Mais alors que les précédentes recherches se concentraient sur les réponses générées par les chatbots, la nouvelle enquête de Common Sense Media vise à comprendre l’étendue de leur utilisation chez les enfants et les adolescents.  « Les compagnons IA émergent à un moment où les enfants et les adolescents ne se sont jamais sentis aussi seuls », explique dans un communiqué, James P. Steyer, fondateur et PDG de l’association. « Il ne s’agit pas seulement d’une nouvelle technologie, mais d’une génération qui remplace les relations humaines par des machines, confie l’empathie aux algorithmes et partage des informations intimes avec des entreprises qui ne se soucient pas des intérêts des enfants », ajoute-t-il.

Une technologie adoptée massivement, mais avec prudence

L’enquête publiée cette semaine a été menée auprès de 1 060 adolescents américains âgés de 13 à 17 ans. Elle concerne spécifiquement les outils d’IA conçus pour pouvoir tenir des conversations complexes en adoptant une forme de personnalité ou en simulant un personnage distinct, autrement dit servir d’assistant émotionnel.

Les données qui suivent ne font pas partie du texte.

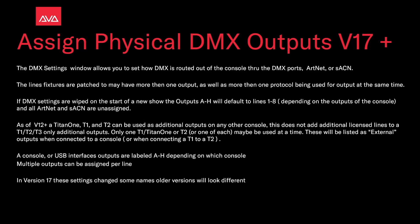As of version 12+, a Titan 1, T1, or T2 could be used as additional outputs for any other console. This does not add additional licensed lines to a T1, T2, or T3, only additional outputs.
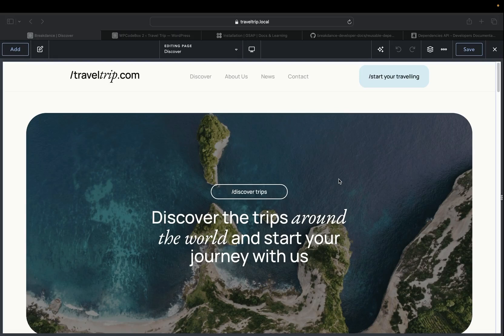Hey, this is Kevin from Breakdance. In this video, we're going to discuss how to load dependencies within Breakdance locally, or from another file, or however you would like.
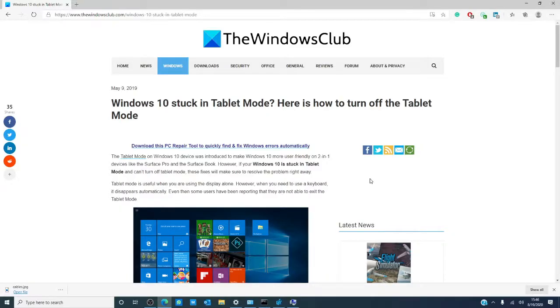Hello Windows Universe! Michael with the Windows Club here. The tablet mode on Windows 10 was introduced to make Windows 10 more user friendly on the Surface Pro and the Surface Book.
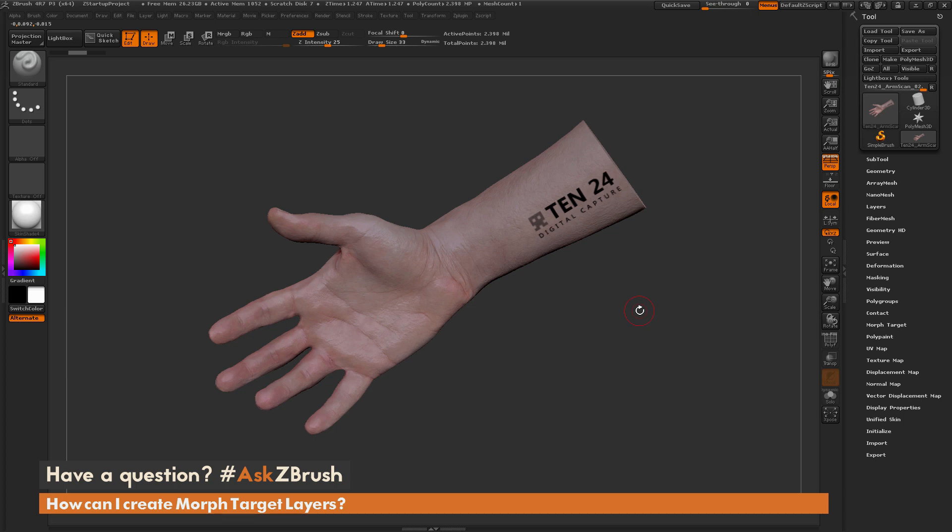This is Joseph Drust and welcome back to another episode of Ask ZBrush. So we had a question sent in asking, how can I create morph target layers inside of ZBrush?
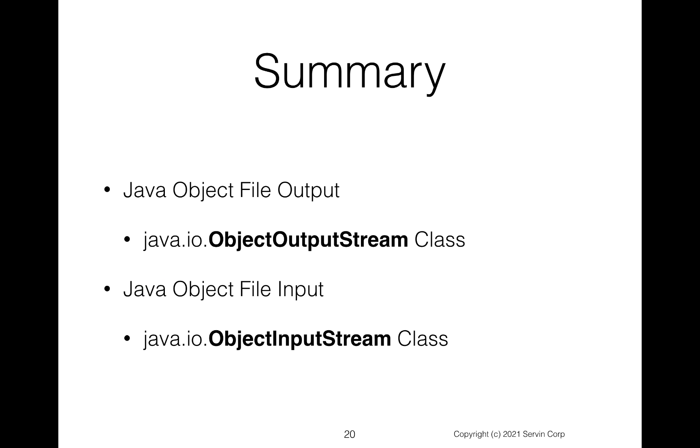So in summary, we're seeing that doing the Java output file, this ObjectOutputStream is how we can send things out. And then we can read them back in by using an ObjectInputStream. Very, very powerful technique because you can take your objects that have been created as part of your application. You can now actually write those out and read them back in.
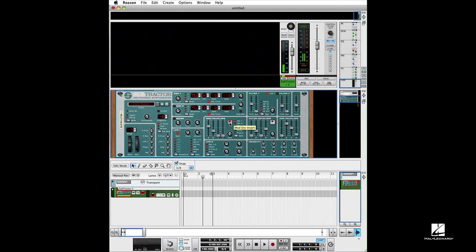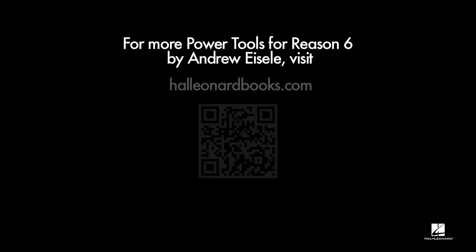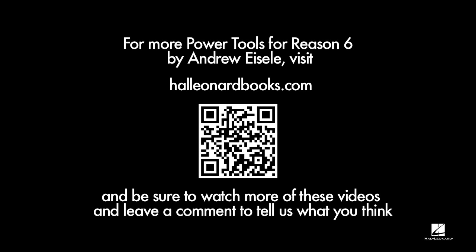If I hit invert, I can get that sort of drum and bass drop — especially useful if you're using a sine wave. But you can use this on just about anything: the filter frequency, the mix of the oscillators, the FM knob, any of those parameters. A lot of fun to play with.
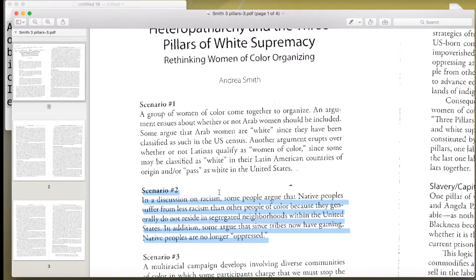Scenario number 2 in a Discussory on Racism. Rolrol erpog th a native ear pulls sutler fr unilis racism than othe people of color because they generally do not reside highly segregated neglib hoods within the united st tes 1.11 ad religion. Some arguk rats and stlibs now have aming. Native peoples are no longer oppressed.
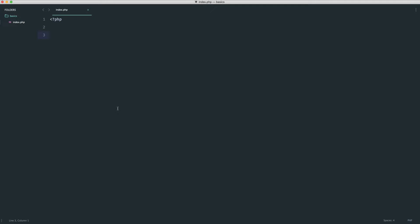Let's define a variable — we're going to say day_of_week and set this to one. Let's assume that one represents Monday and we want to output the day of the week based on what this value holds. We'll create our if statement: the if keyword, our condition in rounded parentheses, and then curly brackets to represent the block we want to run.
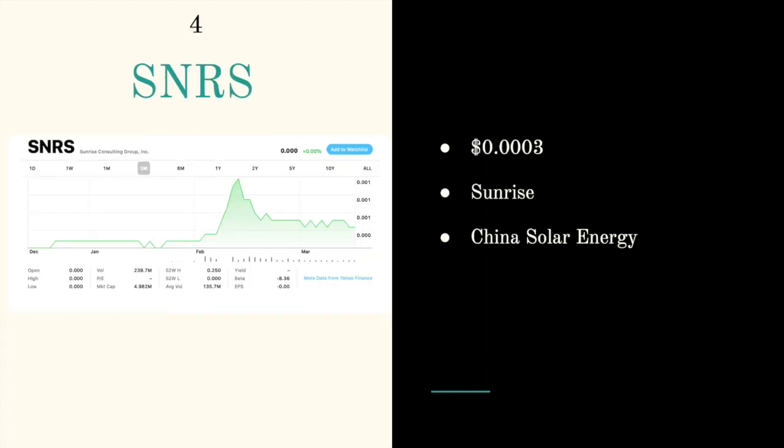Next ticker symbol is SNRS, trading at double zero three. It's called Sunrise Consulting Group and their subsidiary is China Solar Energy. Solar energy is big in China and it's trading at triple zero three.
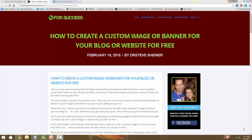Hey, what's up guys, it's Dr. Steve here. In this video I'm going to show you how you can create your own custom images or banners for your blog, for your website, for whatever you want to do — sometimes even for a Facebook post or for social media. This is super easy, you really only need a couple of tools, both of them are free. By the end of this video you're going to know exactly how to do this for yourself.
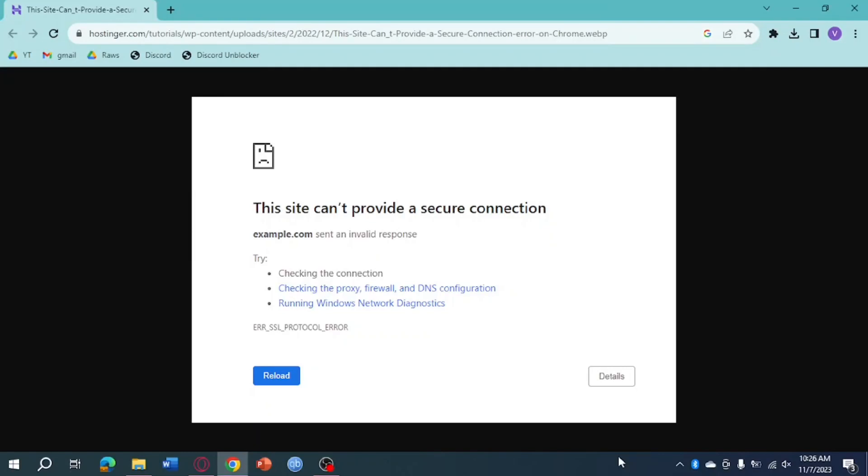Hi! In this video, I'll teach you how to fix 'this site can't provide a secure connection' error on Windows. If you're encountering this type of error as you see on your screen right here, then what you need to do is follow these steps.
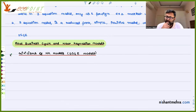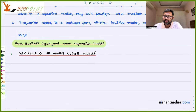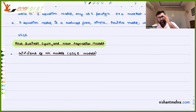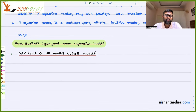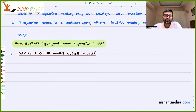We were talking about real business cycle and Neo-Keynesian models. We defined what the three-equation model is, what the Neo-Keynesian model is, and what the real business cycle model is. These Neo-Keynesian models are also called dynamic stochastic general equilibrium models.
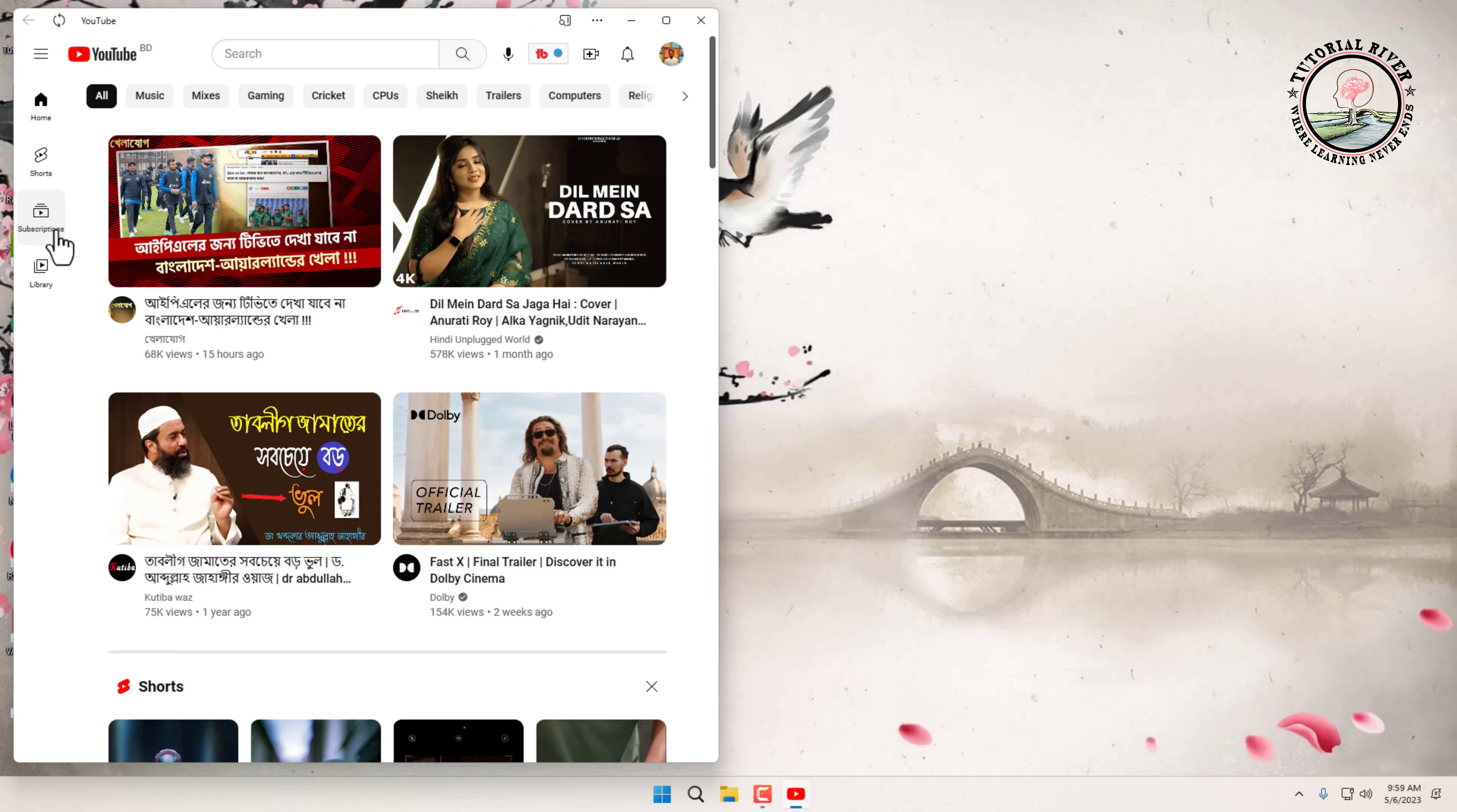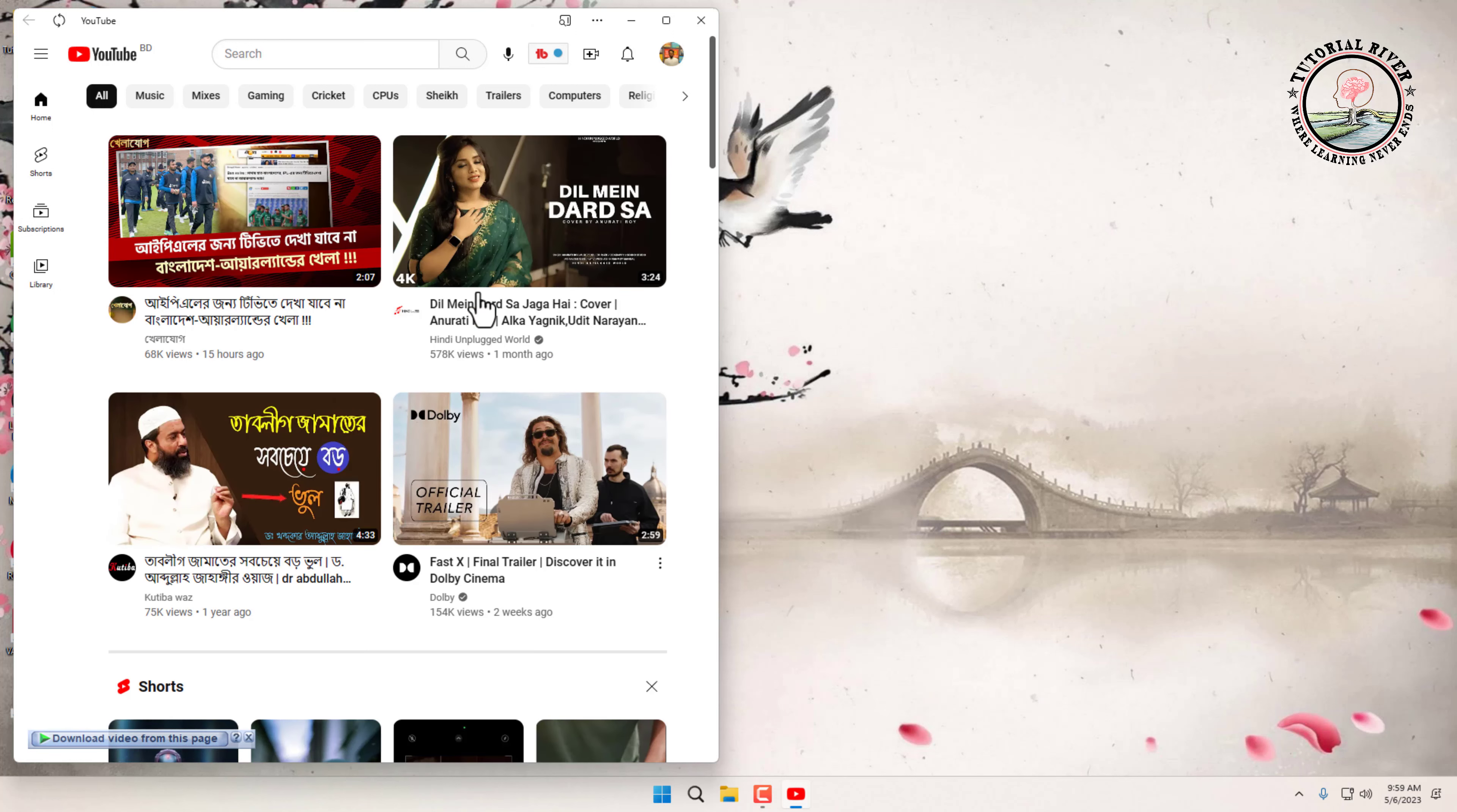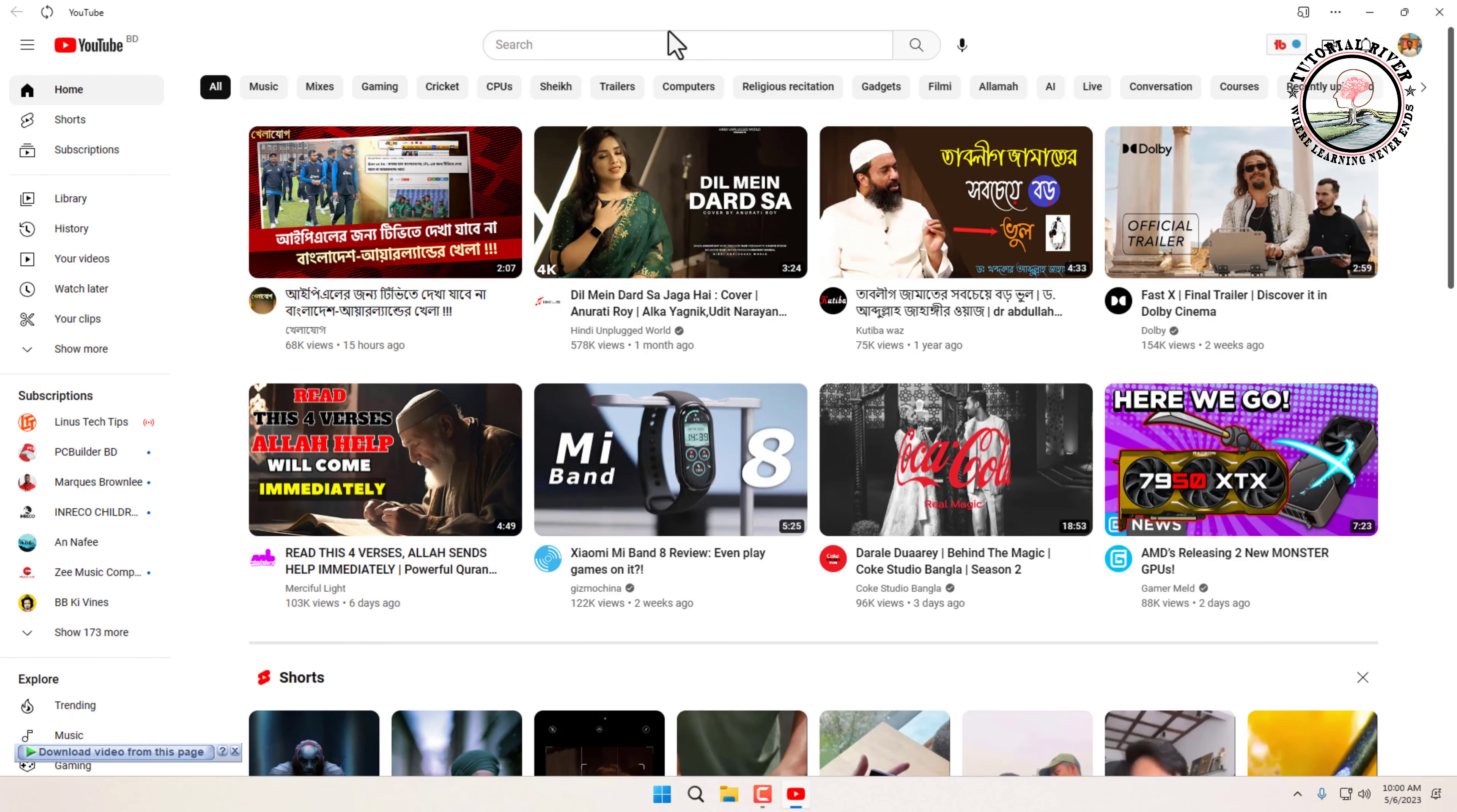That's it. You have successfully installed the YouTube app on your Windows 11 PC. You can now browse and watch your favorite videos without having to open a browser. Thanks for watching. Subscribe to our Tutorial River channel for more videos.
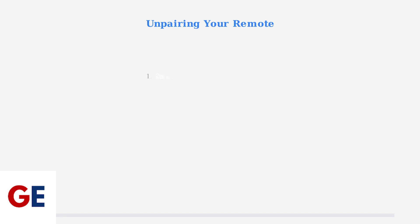In the Bluetooth settings, select Paired Device Management and look for VCBOX Remoter in your paired devices list. Select it and choose Unpair to remove the connection. If unpairing and re-pairing doesn't resolve the issue, you may need to perform a factory reset on your VCBOX.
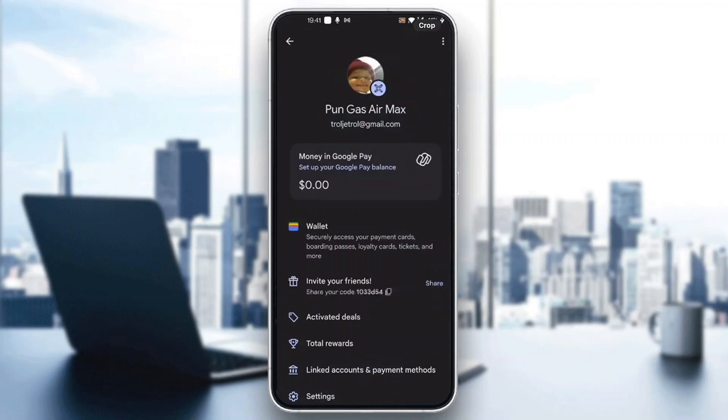Before you can enter a referral code, you need to set up your Google Pay balance and add your credit card. Currently I have no credit card added, so I don't have the button here. But if you have added your credit card, you will be able to see a button that says 'Enter referral code,' and after entering it you can get started using your code.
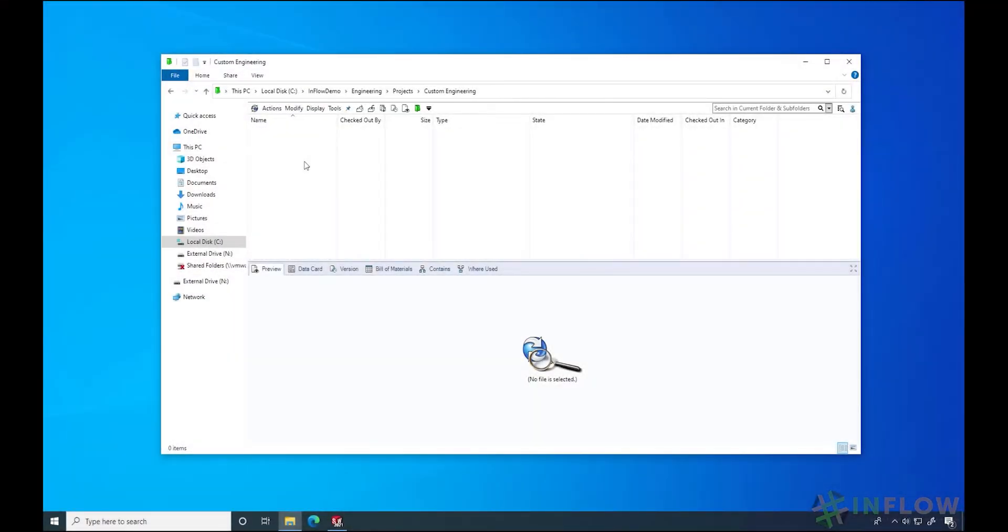Welcome back to Inflow Technology's Day in the Life PDM User Series. I'm Nit Sweeney, and today, let's talk about using templates in SOLIDWORKS PDM.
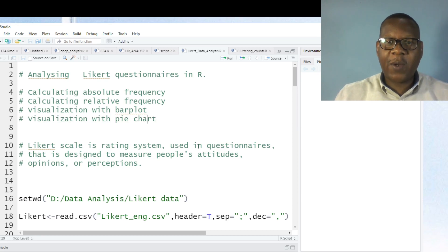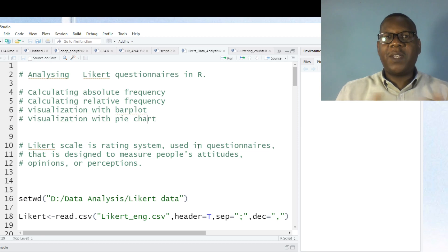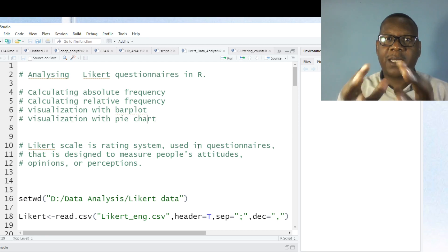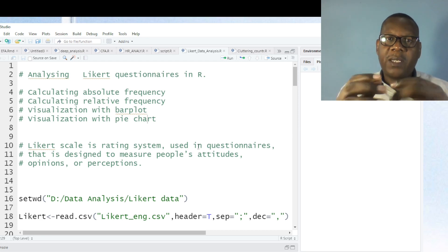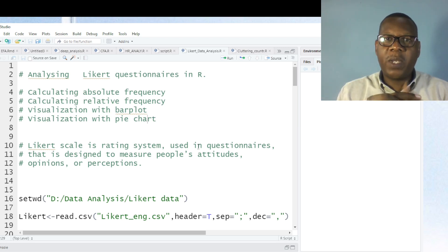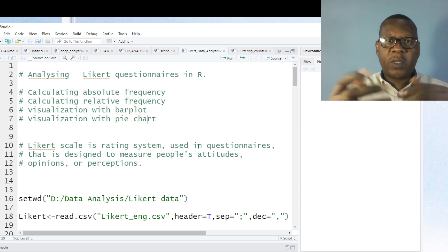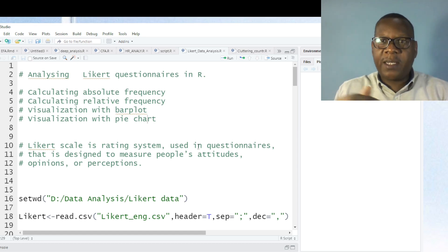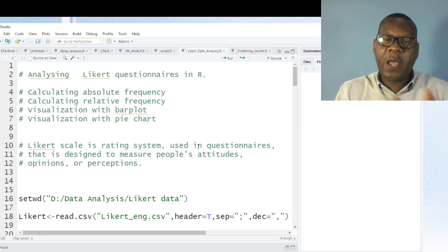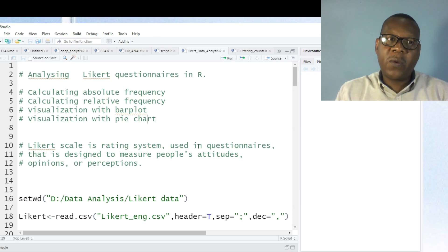Hello friends, this is Dr. Antoine, your coaching data analysis using R. In this video, I'm going to show you how you can perform analysis of a questionnaire which was designed using a Likert scale. A Likert scale questionnaire is used in research when a researcher wants to collect opinion, attitudes, or perception. Most of the time it can be difficult to analyze a Likert scale questionnaire, that's why I made this video.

Elle révèle qu’environ trois enfants sur quatre ont déjà utilisé au moins une fois ces outils, tandis que plus de la moitié des participants sont des utilisateurs réguliers (au moins quelques interactions par mois). Environ 46 % d’entre eux ont déclaré n’utiliser les chatbots qu’en tant qu’outils, tandis qu’environ 33 % les utilisaient davantage comme des compagnons d’interaction sociale. Cette utilisation recouvre la pratique de la conversation, le soutien émotionnel, les jeux de rôle et les relations amicales et amoureuses.

« Ce qui m’a le plus marqué, c’est à quel point les compagnons d’IA sont devenus monnaie courante chez de nombreux adolescents », indique Robb à Futurism. « Plus de la moitié d’entre eux déclarent l’utiliser plusieurs fois par mois, ce que je qualifierais d’usage régulier. Rien que cela, c’était assez impressionnant », estime-t-il.

D’un autre côté, près de 80 % des adolescents interrogés ont déclaré passer plus de temps avec leurs vrais amis qu’avec les compagnons IA et environ la moitié ont indiqué être sceptiques quant à la fiabilité des réponses des chatbots. Cela suggère que la plupart parviennent tout de même à fixer des limites saines et pragmatiques à leurs interactions avec les outils.

L’IA, nouvel interlocuteur de l’intime pour les jeunes générations ?

Cependant, une proportion inquiétante d’adolescents semble trouver davantage de satisfaction dans les interactions avec les chatbots d’IA qu’avec des humains. 21 % d’entre eux ont déclaré que leurs conversations avec les robots étaient aussi satisfaisantes que les conversations humaines, tandis que 10 % ont déclaré qu’elles étaient même meilleures. Plus préoccupant encore, environ un tiers ont déclaré préférer utiliser l’IA pour discuter de sujets sensibles ou intimes.

« Il y a une bonne partie des adolescents qui choisissent de discuter de sujets sérieux avec l’IA plutôt qu’avec de vraies personnes, ou de partager des informations personnelles avec des plateformes », affirme Robb. Ce résultat n’est pas étonnant étant donné que les chatbots d’IA sont dans de nombreux cas considérés comme plus empathiques que les humains et même les professionnels de la santé mentale. Cependant, cela « soulève des inquiétudes quant à la volonté des adolescents de partager leurs informations personnelles avec des entreprises d’IA », souligne Robb.

De nombreuses plateformes (utilisant ou non l’IA) disposent de droits étendus concernant l’utilisation des informations personnelles de leurs utilisateurs. Mais les informations personnelles partagées par les enfants avec les chatbots d’IA sont d’un tout autre niveau et touchent à une population vulnérable à un moment critique de leur vie. « Il devrait y avoir une plus grande responsabilité pour les plateformes technologiques. Nous devrions avoir une réglementation plus significative pour réguler la façon dont les plateformes peuvent fournir des produits aux enfants », conclut l’expert.